-- Problem description --
Repeat the listing that follows character for character, omitting images.

-- Data section --

[Start of section]

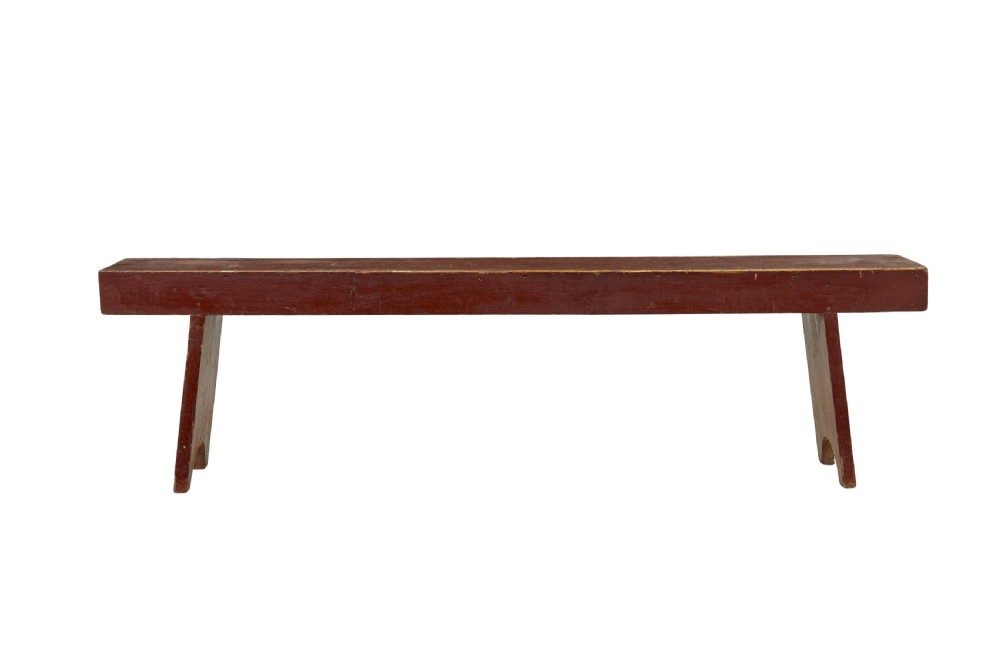 A long 19th-century Swedish pine bench painted in a distressed red finish with slab trestle legs featuring arched cut-outs. View III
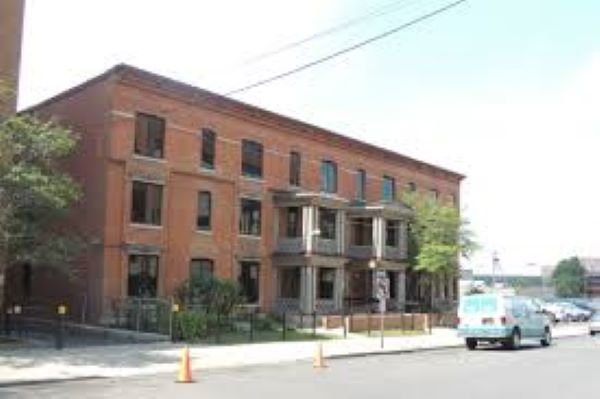 three story red brick building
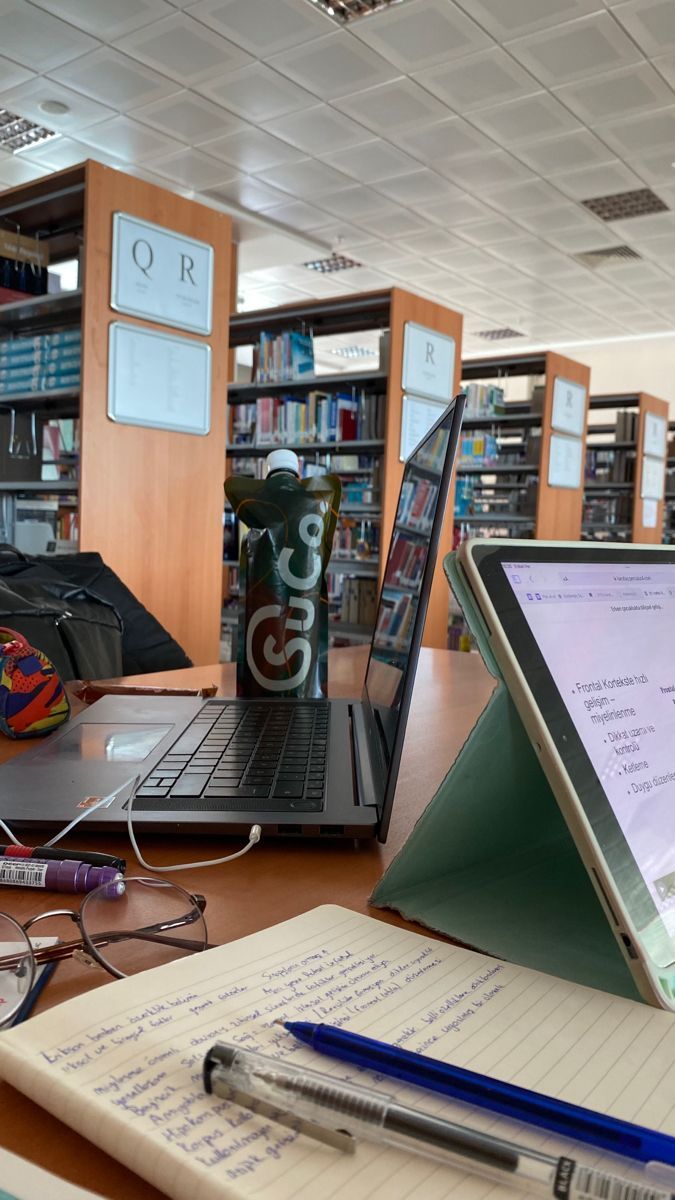 an open laptop computer sitting on top of a wooden desk next to a book shelf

[End of section]

-- Exercise result --
 A long 19th-century Swedish pine bench painted in a distressed red finish with slab trestle legs featuring arched cut-outs. View III
 three story red brick building
 an open laptop computer sitting on top of a wooden desk next to a book shelf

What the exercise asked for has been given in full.